Exercise description: All lines from the one that contains "Payaso con gorro" through the close of the entries below are to be repeated exactly, without any pictures.
Records for the task: Begin
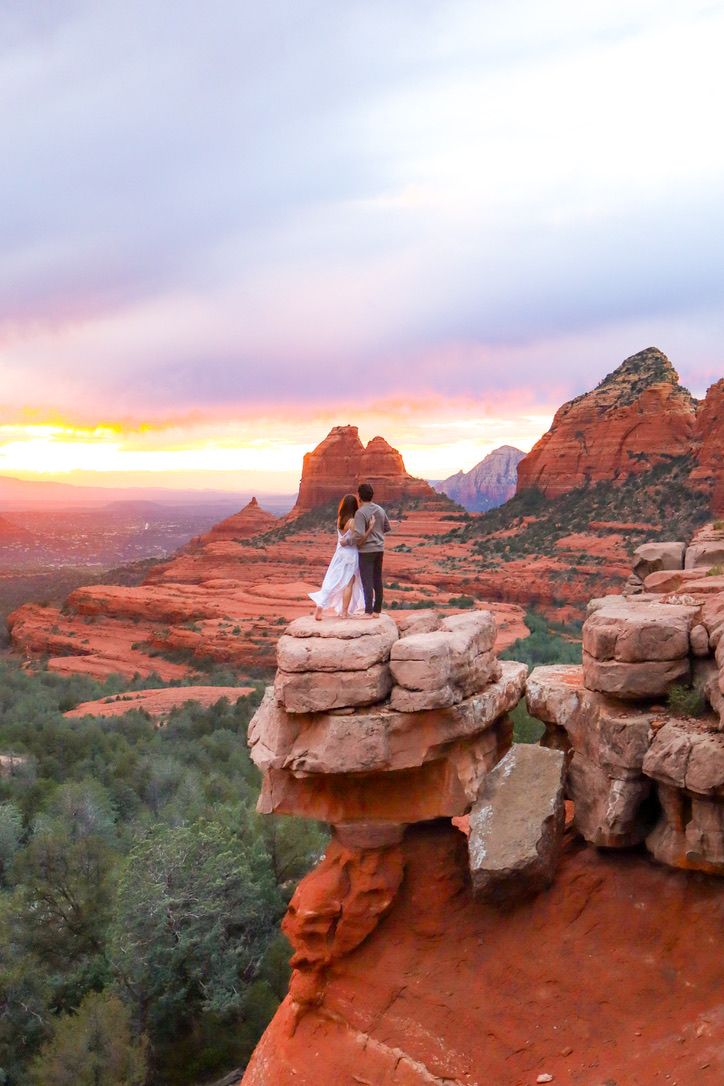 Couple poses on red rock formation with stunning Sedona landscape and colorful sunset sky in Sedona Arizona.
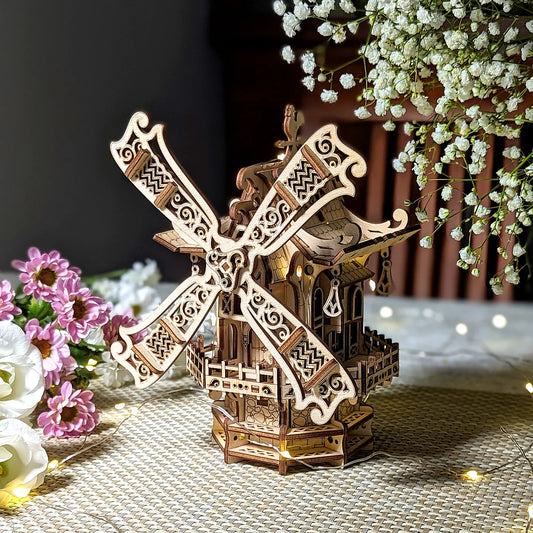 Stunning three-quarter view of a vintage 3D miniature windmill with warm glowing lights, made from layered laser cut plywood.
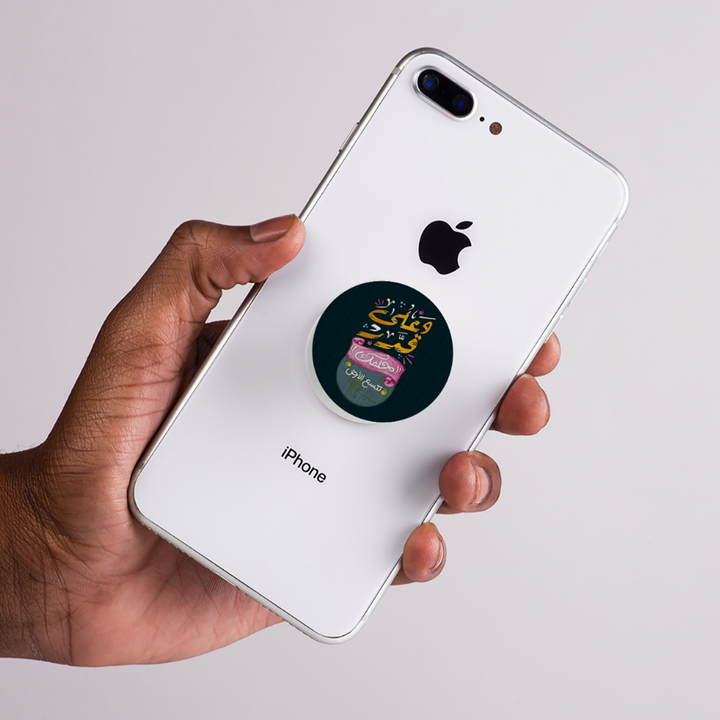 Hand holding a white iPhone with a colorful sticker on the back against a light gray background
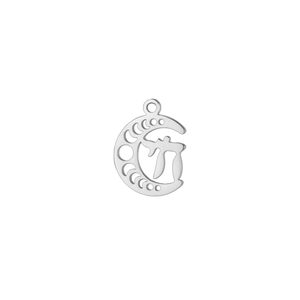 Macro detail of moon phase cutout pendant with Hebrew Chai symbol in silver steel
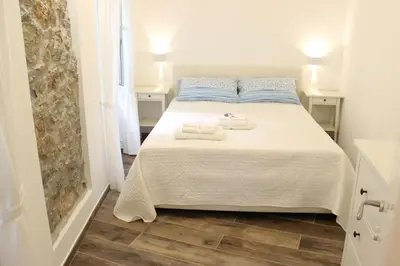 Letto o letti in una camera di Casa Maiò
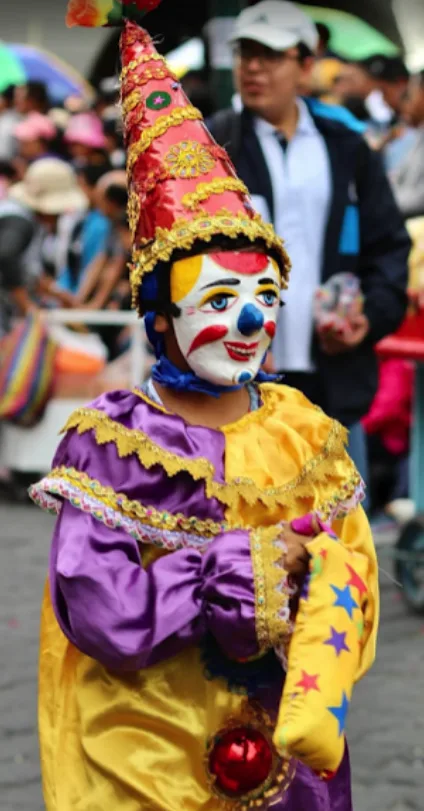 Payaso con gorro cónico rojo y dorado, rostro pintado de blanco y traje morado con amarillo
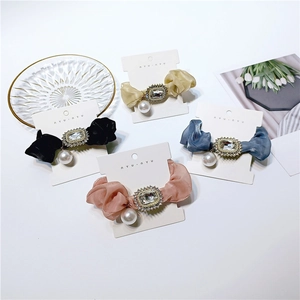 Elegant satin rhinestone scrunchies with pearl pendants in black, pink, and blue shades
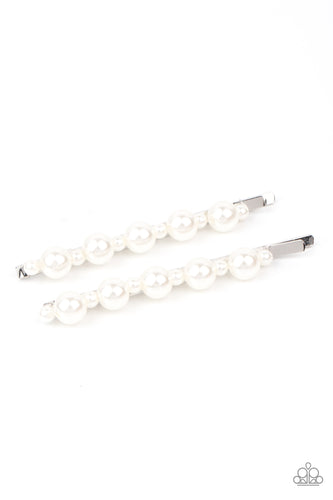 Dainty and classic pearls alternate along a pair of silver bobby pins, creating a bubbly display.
Records for the task: End
Written solution:
 Payaso con gorro cónico rojo y dorado, rostro pintado de blanco y traje morado con amarillo
 Elegant satin rhinestone scrunchies with pearl pendants in black, pink, and blue shades
 Dainty and classic pearls alternate along a pair of silver bobby pins, creating a bubbly display.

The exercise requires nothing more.